BEGIN

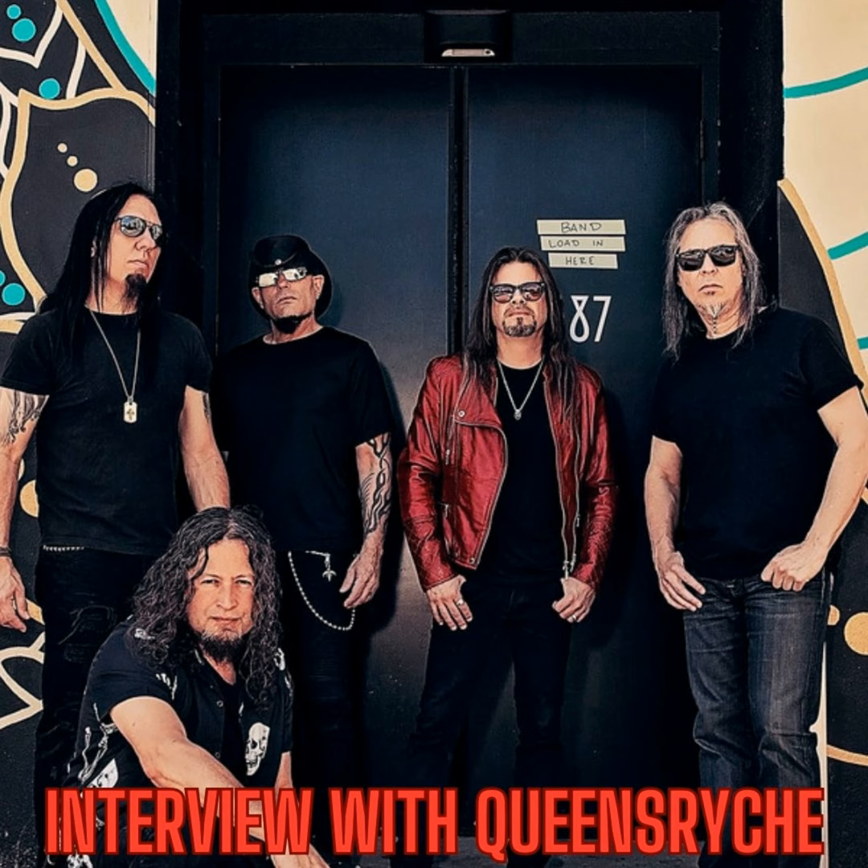So the new album Digital Noise Alliance is due out in October — October 7th. And you released a single, Forest. What was the rationalization for releasing a ballad first? That's sort of atypical, isn't it? Actually, it's the second song we put out. The first song we put out is called In Extremis, and that's a rocker — more of a driving, heavier tune.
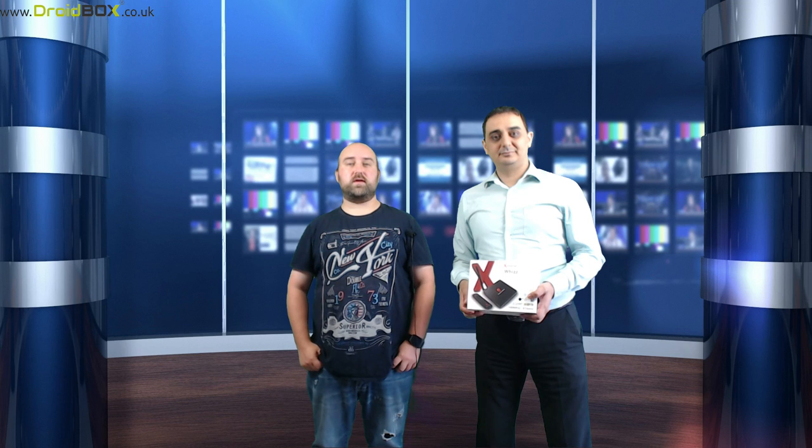Hello and welcome to Droid Box. My name is David. My name is Asher. Today we will be unboxing and demonstrating the Xtrema Wiz.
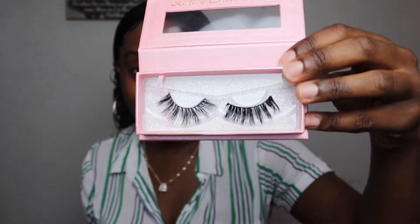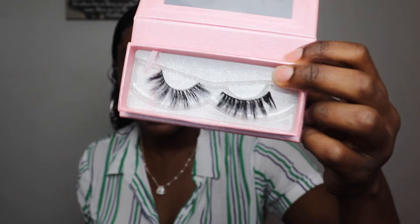I forgot to mention — it also came with some lashes, which most hair companies do. I tried putting them on the other day. They are actually extremely cute — 'luxury mink lashes,' very pretty and elegant. I'll definitely try to wear these again; however, the band around the lashes is pretty thick, but I'll still try. That was a very nice touch.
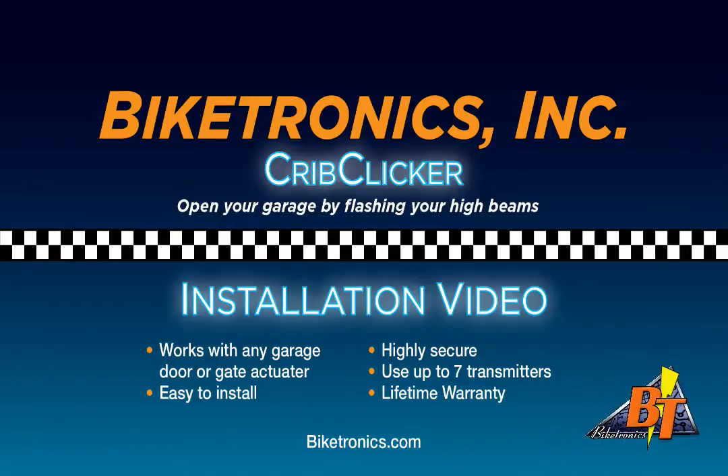Hi, and welcome to another Biketronics video tutorial. In this video, we're going to explain how to install the Biketronics Crib Clicker. This device is a state-of-the-art, highly secure garage door and gate opener.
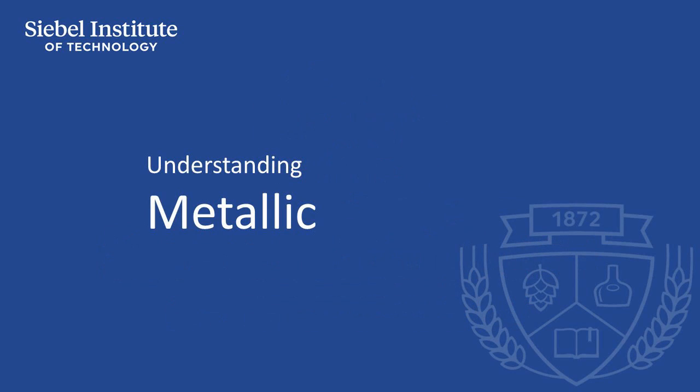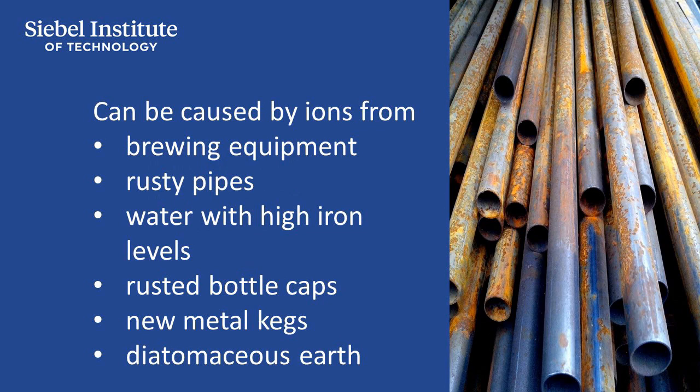Metallic taints can be caused by ions leached out of metallic brewing equipment, rusty pipes, water with high iron levels, rusted bottle caps, new metal kegs, or diatomaceous earth with greater than 50 parts per billion of beer-soluble iron. Usually flavor-detectable levels of metallic ions in beer are not very common.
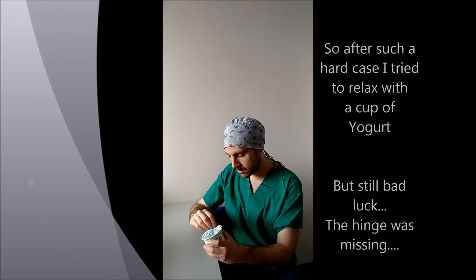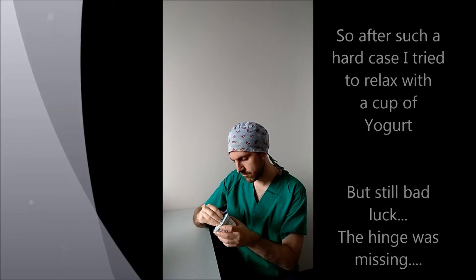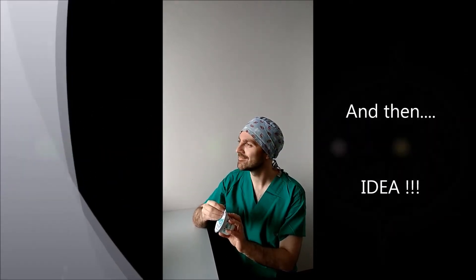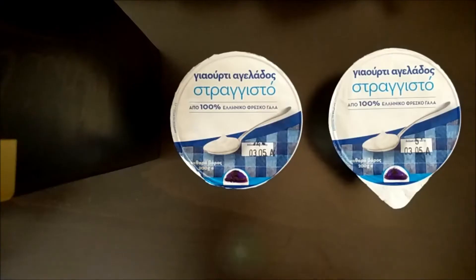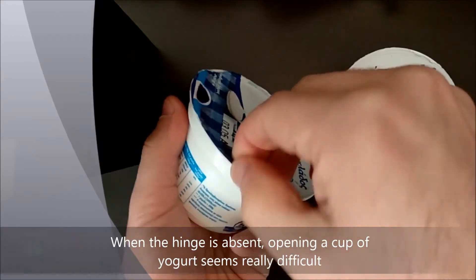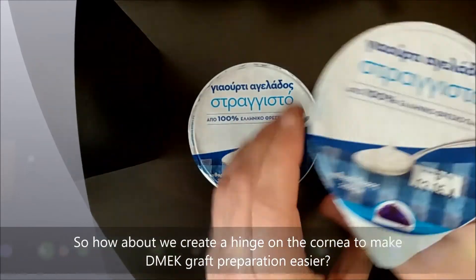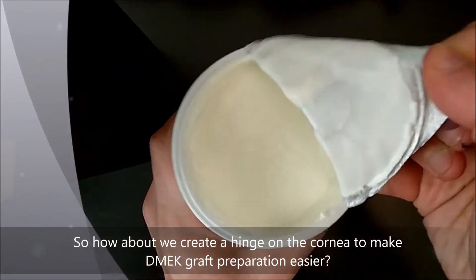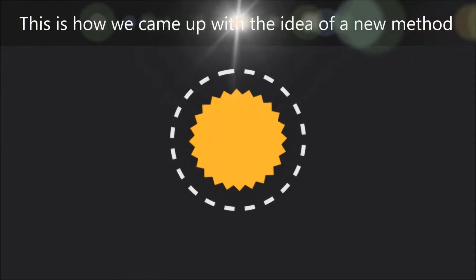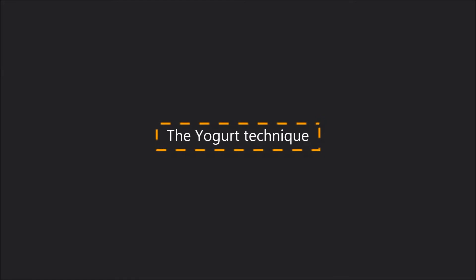So after such a hard case, I tried to relax with a cup of yogurt — but still bad luck: the hinge was missing. But wait a minute. You see, when the hinge is absent, opening a cup of yogurt seems really difficult, maybe impossible. So how about we create a hinge on the cornea to make D-Mech graft preparation easier, like in the cup of yogurt? And this is how we came up with the idea of a new method: the Yogurt Technique.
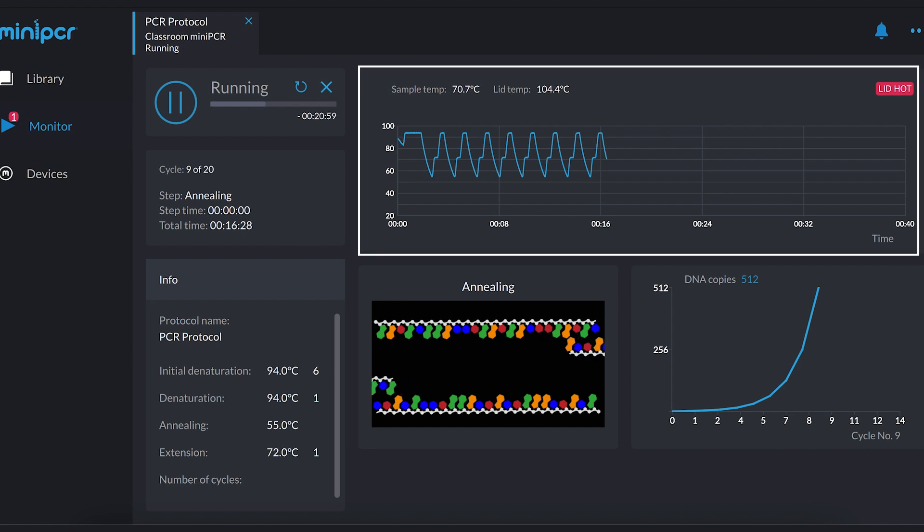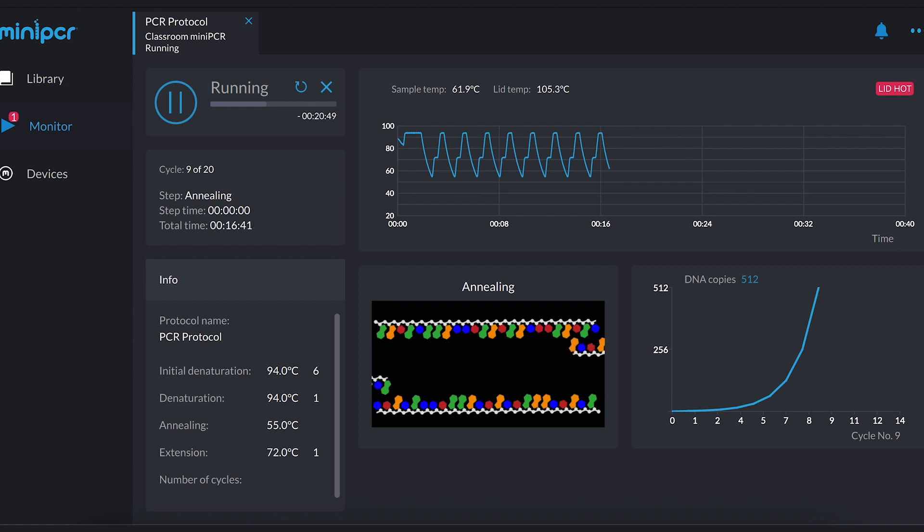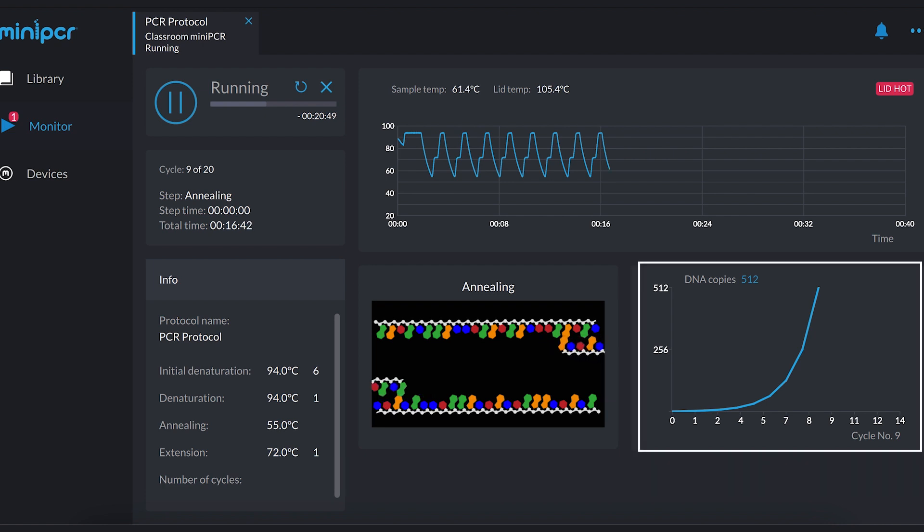For new users, temperature conditions in the tubes are graphed in real time, and an animated depiction of what is occurring at the molecular level allows students to visualize the reaction as it happens, reinforcing the fundamentals of PCR. Students can also see how the estimated number of DNA copies present in the tube changes over time.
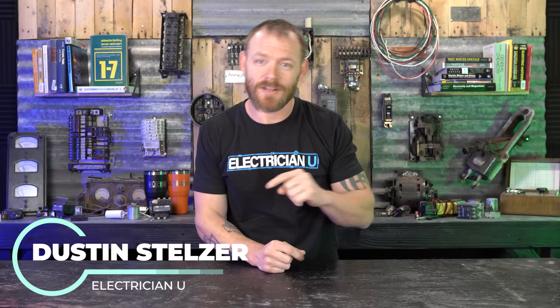What's going on, my friends? This is Dustin Stelzer with Electrician U. Today we are going to continue the case of the missing junction box covers.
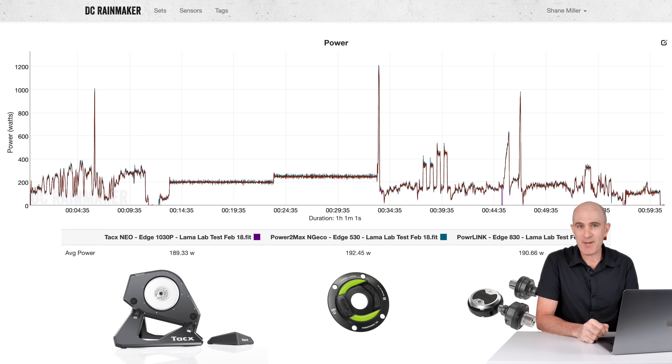Data set four is the full Llama Lab test performed just recently with the latest firmware updates on these pedals, just prior to today's release. Rather than Wahoo vs Wahoo with the Kickr 5, I used the original Tacx Neo from 2015 as the baseline, with the Power2Max NGeco as a third device. The data is pretty good.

END

**Exercise directions**
Restate exactly, please, only the lines between the start of the data and the line containing "I forgot to", both ends included, skipping the pictures.

**Finished exercise**
So the new album Digital Noise Alliance is due out in October — October 7th. And you released a single, Forest. What was the rationalization for releasing a ballad first? That's sort of atypical, isn't it? Actually, it's the second song we put out. The first song we put out is called In Extremis, and that's a rocker — more of a driving, heavier tune.
Hello and welcome to Droid Box. My name is David. My name is Asher. Today we will be unboxing and demonstrating the Xtrema Wiz.
I forgot to mention — it also came with some lashes, which most hair companies do. I tried putting them on the other day. They are actually extremely cute — 'luxury mink lashes,' very pretty and elegant. I'll definitely try to wear these again; however, the band around the lashes is pretty thick, but I'll still try. That was a very nice touch.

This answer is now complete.